Captioned web images:
· · · · · · ·

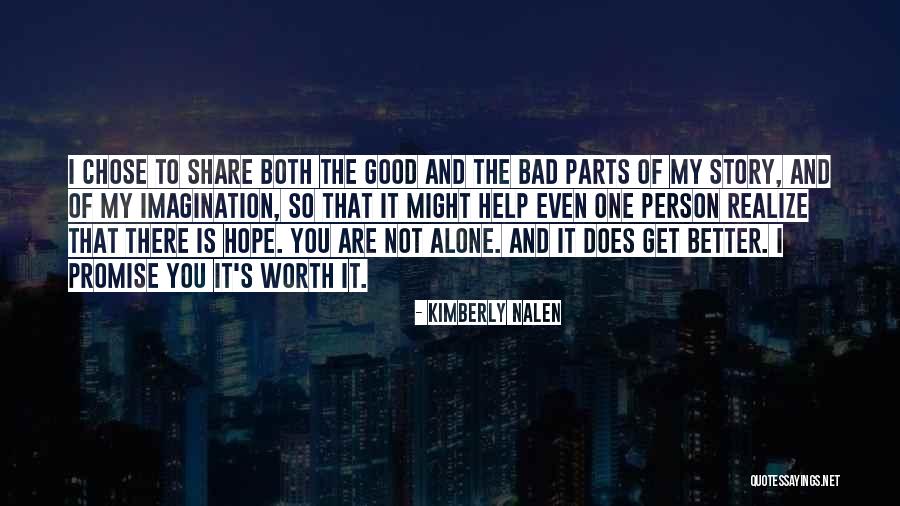 Recovery Drug Addiction Quotes By Kimberly Nalen Recovery Drug Addiction Quotes By Kimberly Nalen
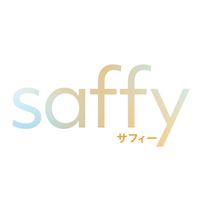 Saffy卒後オープンチャット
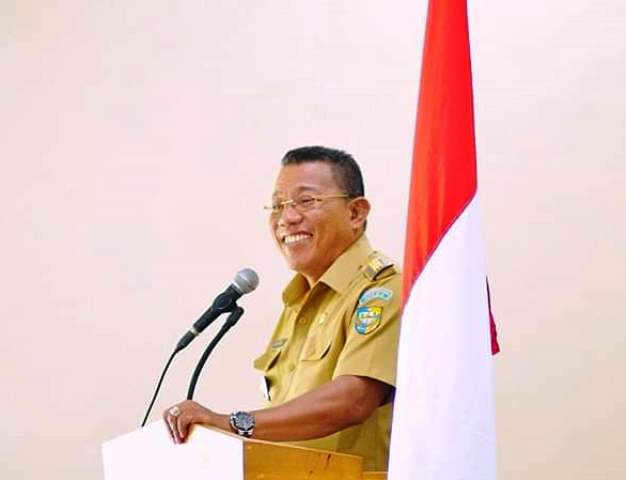 Sekolah Tatap Muka Tahun Ajaran 2021 Bisa Dilakukan, Ini Syaratnya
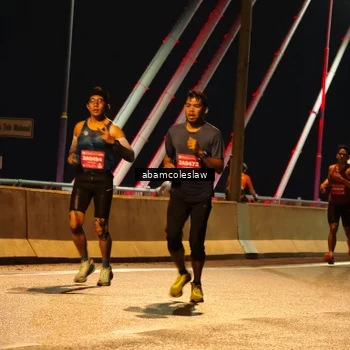 Runner Photo 2765413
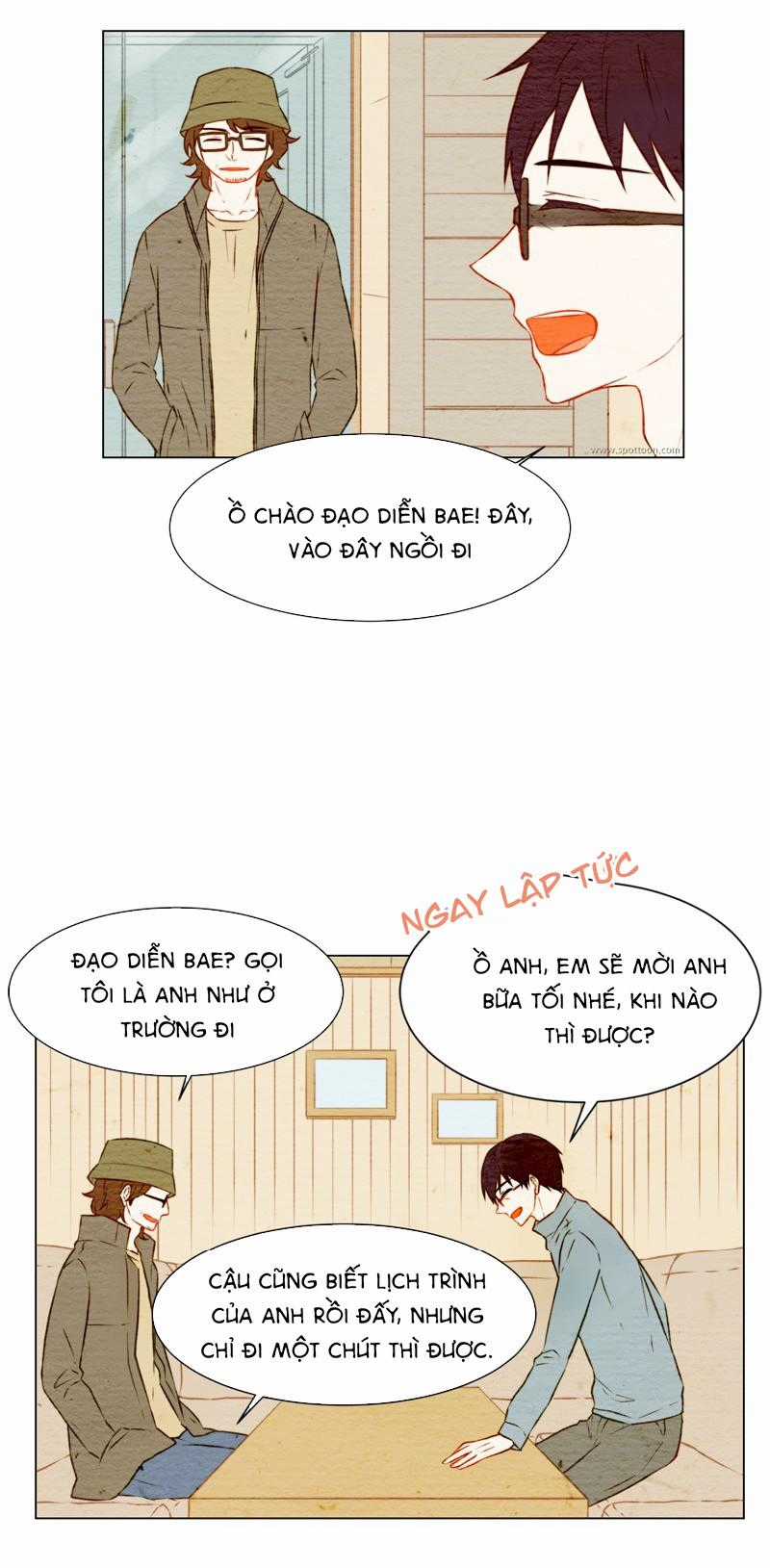 Sao Chép Chapter 11 trang 42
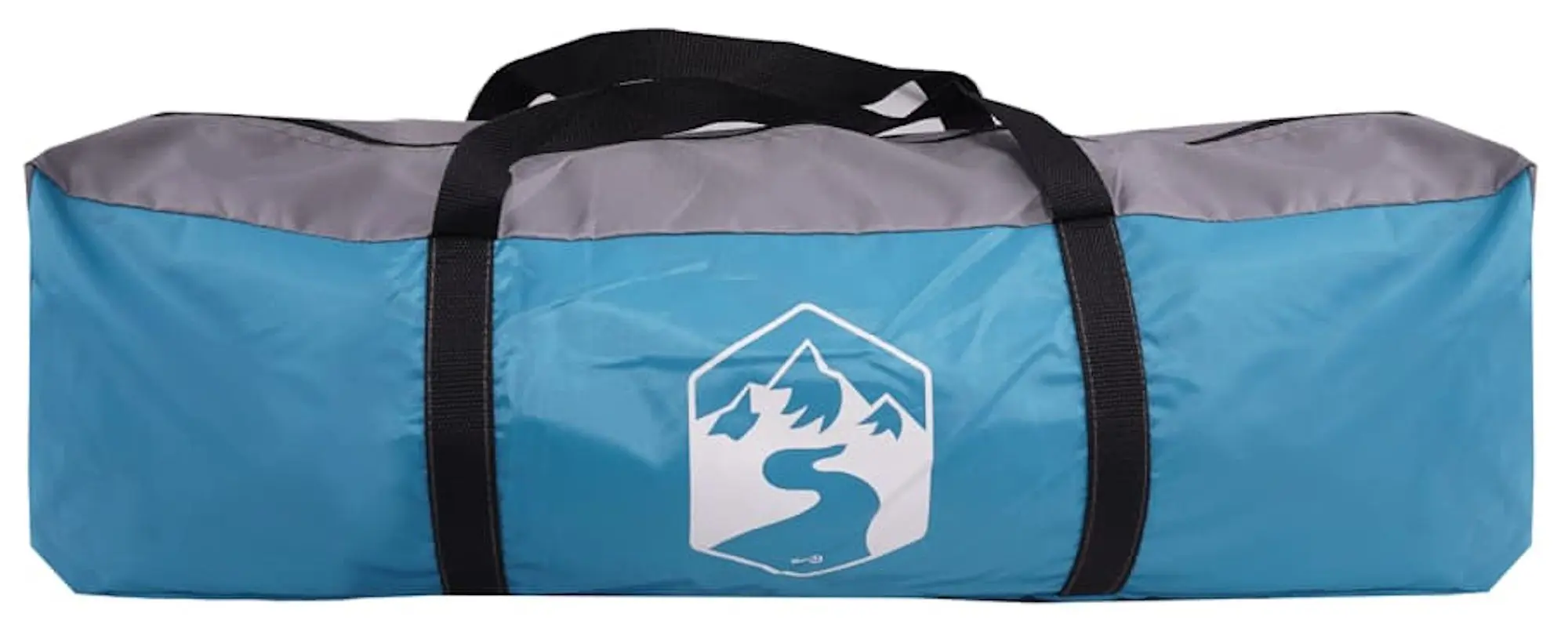 Cort VidaXL 94711 (Blue)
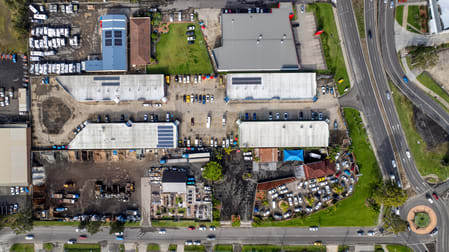 1/142 Princes Highway South Nowra NSW 2541 - Image 3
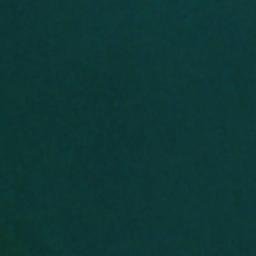 Satellite imagery of Contractors Point, US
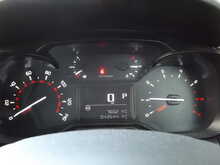 Citroen C3 PureTech C-Series Edition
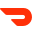 DoorDash logo
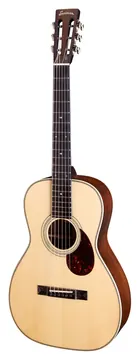 Eastman E20P-TC Thermo Cure Natural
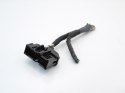 WTYCZKA KOSTKA RENAULT MODUS CLIO 3 KANGOO MEGANE 2 LAGUNA 2 3 MASTER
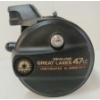 Image 3 : DAIWA SEALINE 47 LC REEL W/ LINE COUNTER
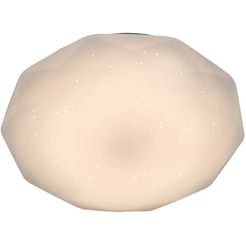 Светильник General Lighting Systems GSMCL-096-Smart-D450 800310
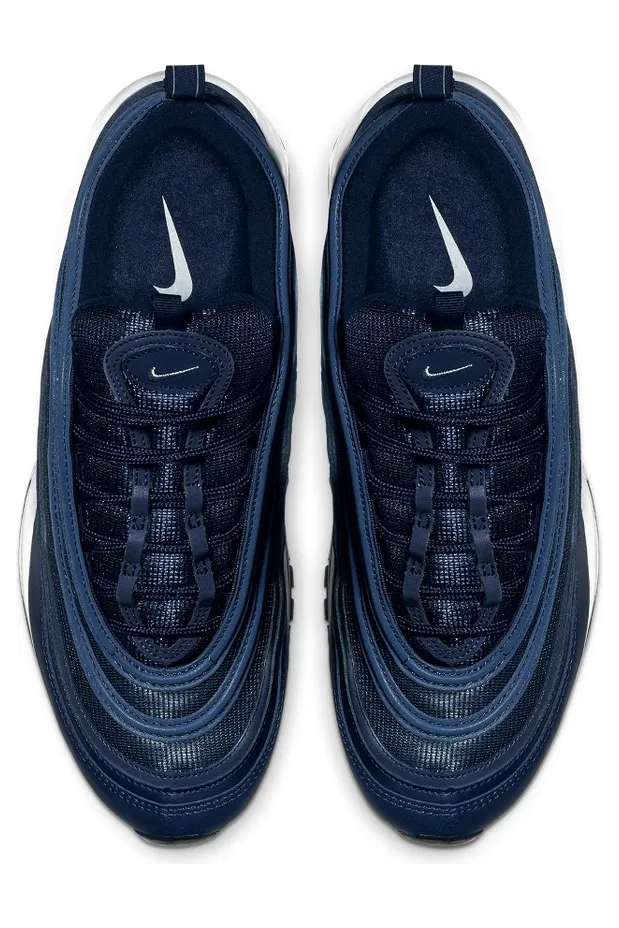 nike-air-max BV1986-400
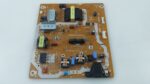 Placa Fonte Panasonic Tc-50a400b | Tnpa5916 - Imagem 3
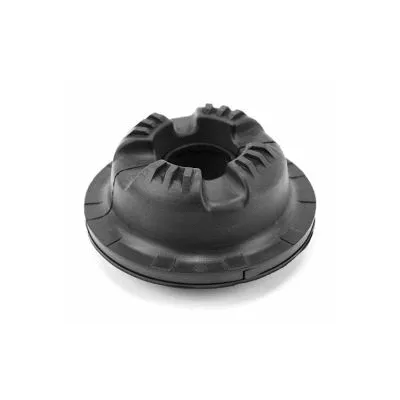 Coupelle de suspension SYD 2526012
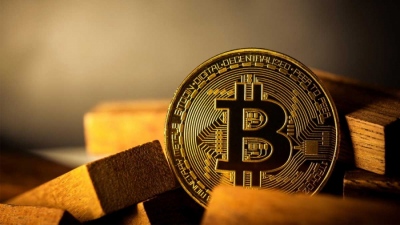 The quiet pressure of 1.78 billion dollars – A... neglected group fuels Bitcoin's decline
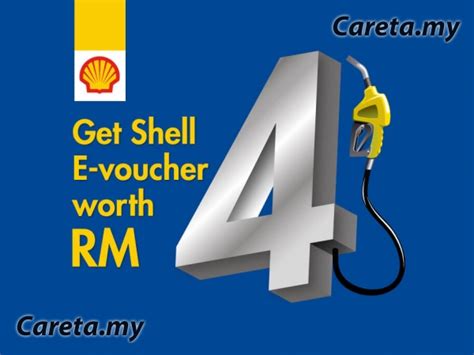 We comprise a team of experienced and dedicated individuals all trained to offer retail and online payment: Dapatkan ganjaran e-baucer Shell dengan kad kredit Hong ...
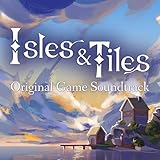Volière Records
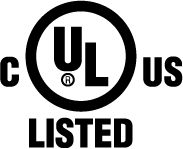 UL-LOGO-C-US.jpg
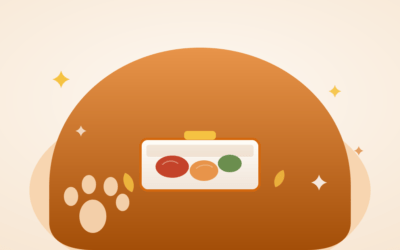 Fresh Human-Grade Dog Food: What It Actually Means (2026 Guide)
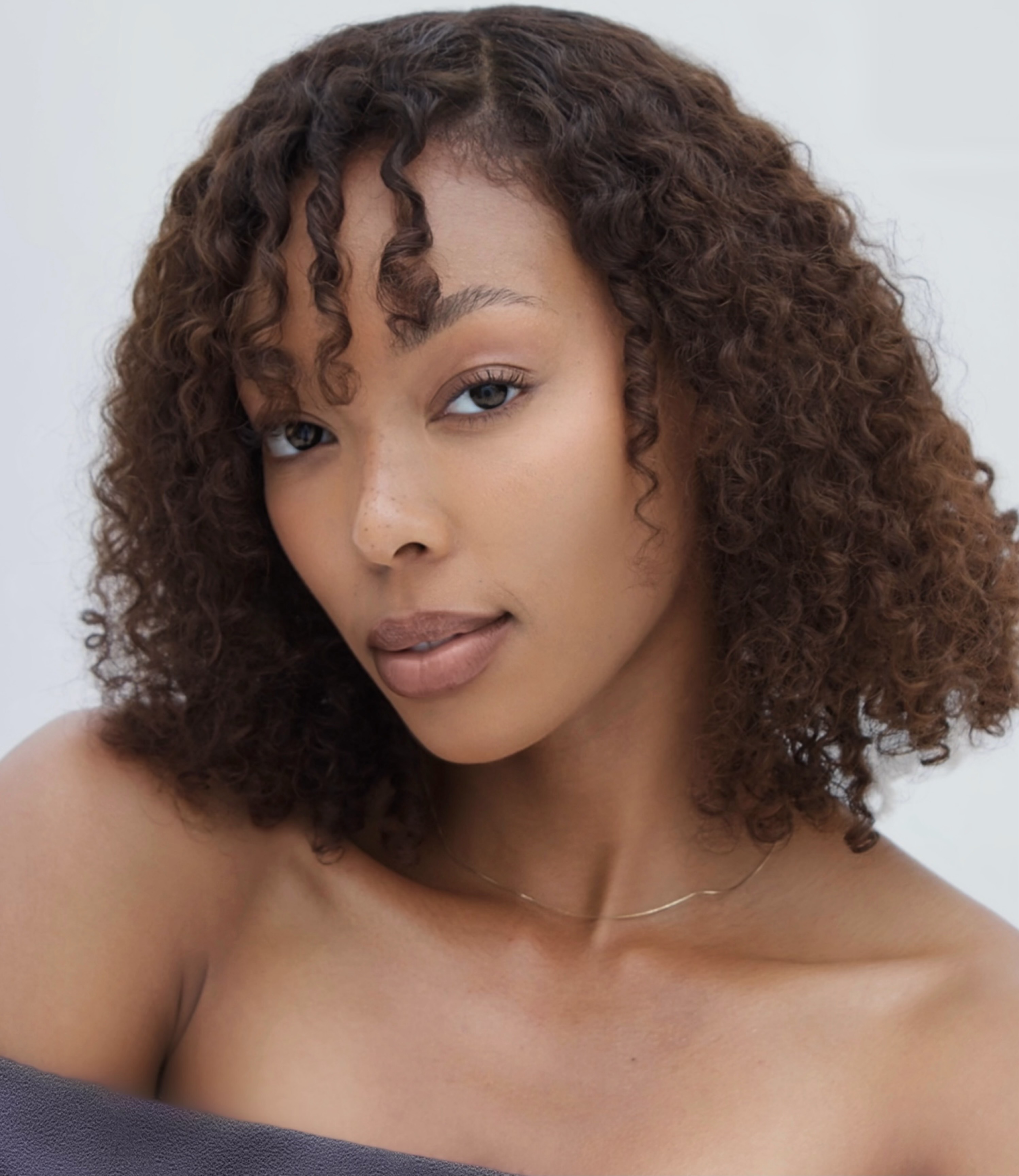 Патрис Ходж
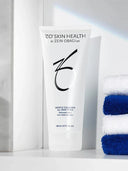 ZO Skin Health Gentle Cleanser Travel Size – 60ml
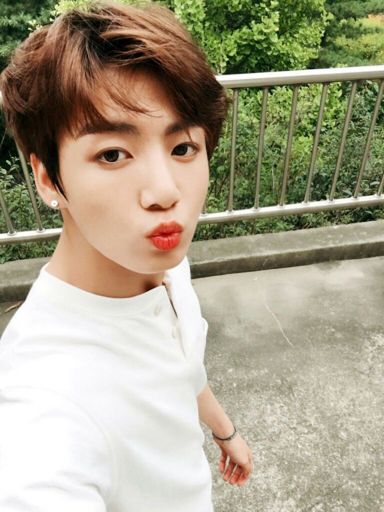 📸 Jungkook Selfies 📸 Wiki Armys Amino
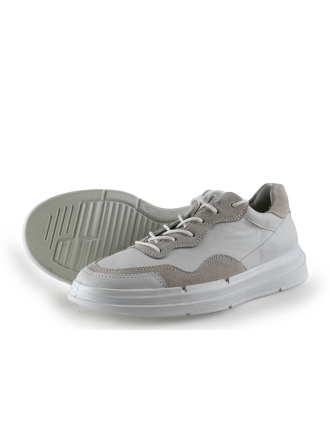 Ecco Sneakers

· · · · · · ·

**Instructions for the task**
What is wanted is an exact copy of the lines from the line with "UL-LOGO-C-US.jpg" through the end of the records, both ends included, pictures excluded.

**Solution for this task**
 UL-LOGO-C-US.jpg
 Fresh Human-Grade Dog Food: What It Actually Means (2026 Guide)
 Патрис Ходж
 ZO Skin Health Gentle Cleanser Travel Size – 60ml
 📸 Jungkook Selfies 📸 Wiki Armys Amino
 Ecco Sneakers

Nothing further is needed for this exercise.